So today Occupy Wall Street protestors filtered into Lower Manhattan, intent on re-creating the chaos they launched a year ago today, determined again to raise a powerful call for social justice on behalf of the poor and oppressed in this country and around the world.
In terms of protestor numbers and amount of chaos created, the day would seem to have been a flop. In terms of spotlighting injustice and articulating an agenda for change, it was as complete a failure as last year’s pathetic spectacle.
On the first point, the New York Daily News reports:
So much for the revolution.
More than 150 self-professed members of the 99 percent were arrested Monday as the Occupy Wall Street movement marked its one-year anniversary by trying to bottle-up the fat cats in the Financial District.
In the end, it was the demonstrators who found themselves penned in and pursued all day long by police, with the arrests coming for disorderly conduct charges.
Instead of shutting down the New York Stock Exchange and crippling capitalism, they found themselves being marched around Lower Manhattan by police officers.
On the second point, you can’t advance an agenda for creating justice if you don’t understand justice in the first place. The motley hodgepodge of communists, anarchists, anti-capitalists, socialists, and boy-men proved a year ago that they couldn’t even agree on what injustice is, much less how to create justice. The unions fueling the movement couldn’t care less about justice, having grown fat on member dues and political patronage, zeroed in as they are on feathering their own nests, even at the expense of their members’ well-being.
We give Episcopal Bishop George Packard, who was among those arrested today, an exemption on these counts, assuming his familiarity with the Bible and it’s crystal-clear commands and warnings about our behavior reflecting the righteousness of the one in whose image we are created. He told the NYDN he thought the OWS demonstrations were “gloriously delivered in fits and starts in the Occupy fashion. You can never deny the verve and the force of this movement.”
Both of America’s major political parties have done nothing but deepen and widen the chasm between this country’s “haves” and “have nots.” One party seems determined to enrich the rich, while the other focuses on aggravating and exploiting have-not resentment. Both parties seem committed to enlarging the federal entitlement plantation and leveraging their political power to enrich their cronies.
The rage that seethes beneath the surface in this country is mollified only by the despair that enslaves poor souls who have no hope of freedom. Injustice abounds at every turn. The poor in this country have plenty of legitimate complaints. One party couldn’t care less; the other cynically exploits the resentments.
And the vast majority of church members busy themselves with their daily concerns, keeping their heads down lest they see something that stirs the conscience, keeping their Bibles closed lest they hear the thundering voice of a prophet or the gentle nudge of a still, small voice.
Pundits and Facebook campaigners make it very clear this presidential election is a choice between heaven and hell on earth. Both parties promise heaven, and you know what their promises are worth. The stakes indeed are high. A monumental decision will be made, and the diverging roads could not lead to more different destinations. But neither party will deliver justice.
The only hope for justice in this country is that people who have experienced God’s justice in their own lives will step up and take seriously their assignments as ambassadors of reconciliation. True justice begins with the “new creation” transformation only Jesus can bring to a broken human soul. True justice is created in a person’s life only as God’s people mentor others in the Way of Jesus. True justice takes hold in communities and countries only as transformed individuals multiply the justice they have experienced into the lives of the people around them.
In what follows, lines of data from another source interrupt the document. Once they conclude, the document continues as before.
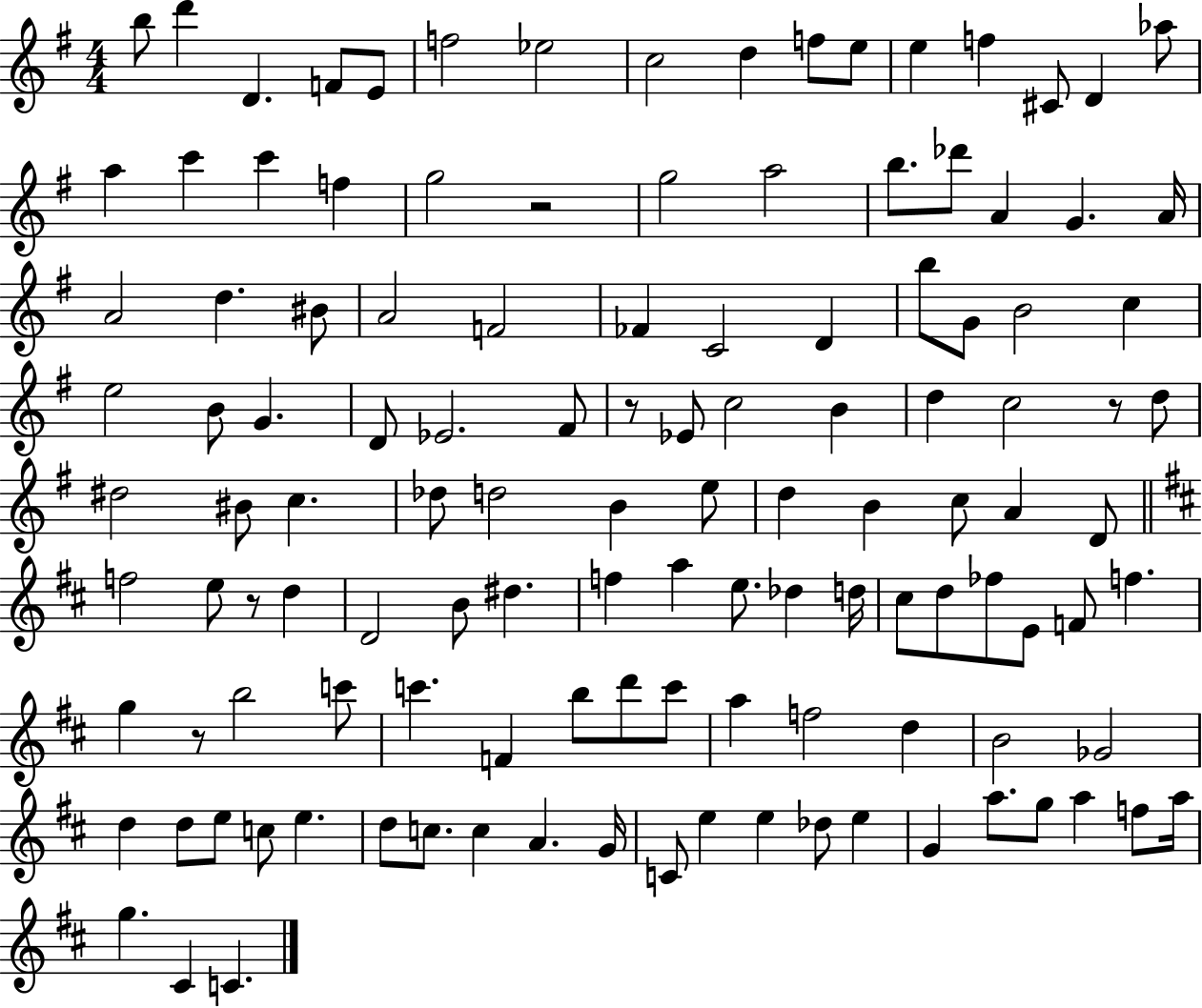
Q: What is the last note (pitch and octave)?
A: C4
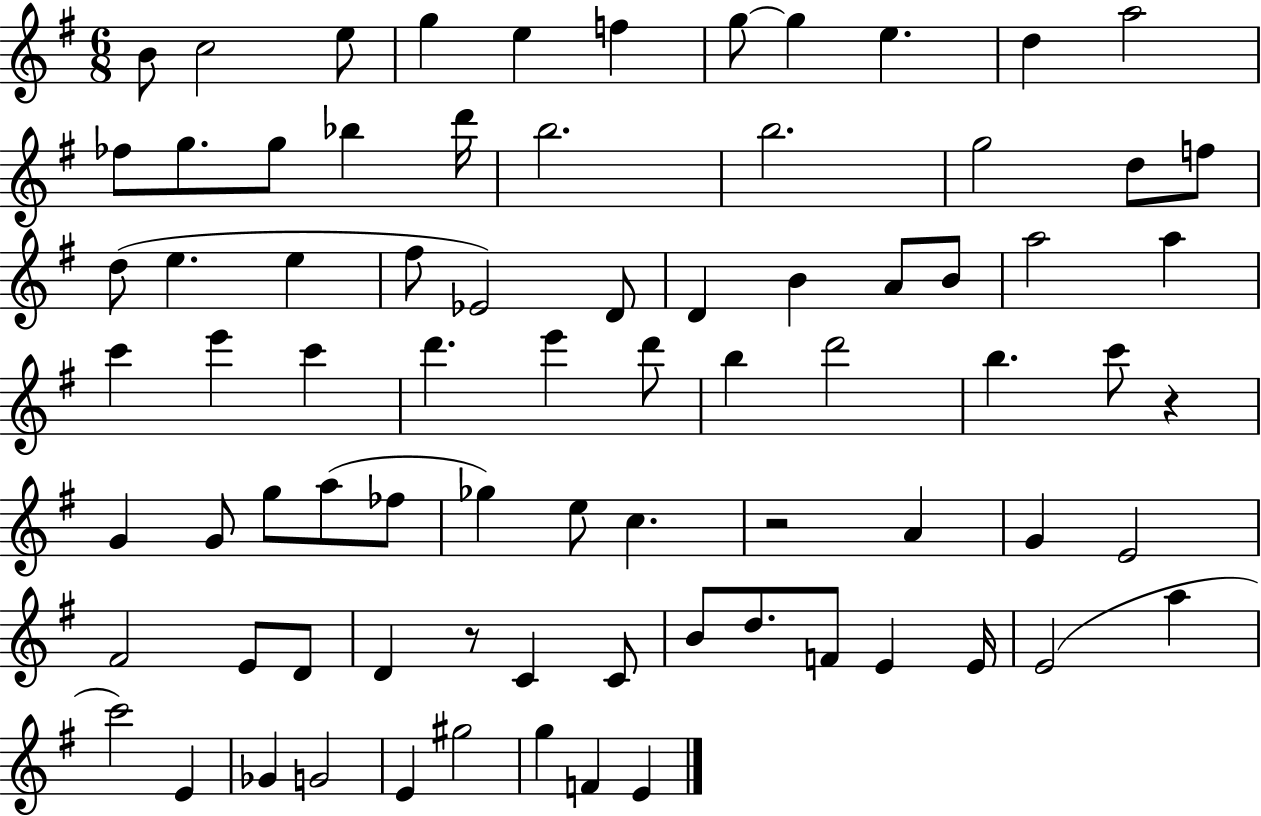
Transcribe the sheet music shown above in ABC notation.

X:1
T:Untitled
M:6/8
L:1/4
K:G
B/2 c2 e/2 g e f g/2 g e d a2 _f/2 g/2 g/2 _b d'/4 b2 b2 g2 d/2 f/2 d/2 e e ^f/2 _E2 D/2 D B A/2 B/2 a2 a c' e' c' d' e' d'/2 b d'2 b c'/2 z G G/2 g/2 a/2 _f/2 _g e/2 c z2 A G E2 ^F2 E/2 D/2 D z/2 C C/2 B/2 d/2 F/2 E E/4 E2 a c'2 E _G G2 E ^g2 g F E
That requires us to put God’s kingdom above our own interests and comfort. It requires us to step into relationships with people “on the other side of the tracks” — relationships that will challenge and stretch us more deeply than anything we have ever known. It will require us to get to know people well enough to see past superficial dysfunctions to the heart of their brokenness. It will require us to patiently persist with people who aren’t sure they are willing to do the hard part of making new lives for themselves.
It will require us to love our neighbors as we love ourselves.
And it’s the only hope this country has of avoiding the disaster our “leaders” are brewing for us.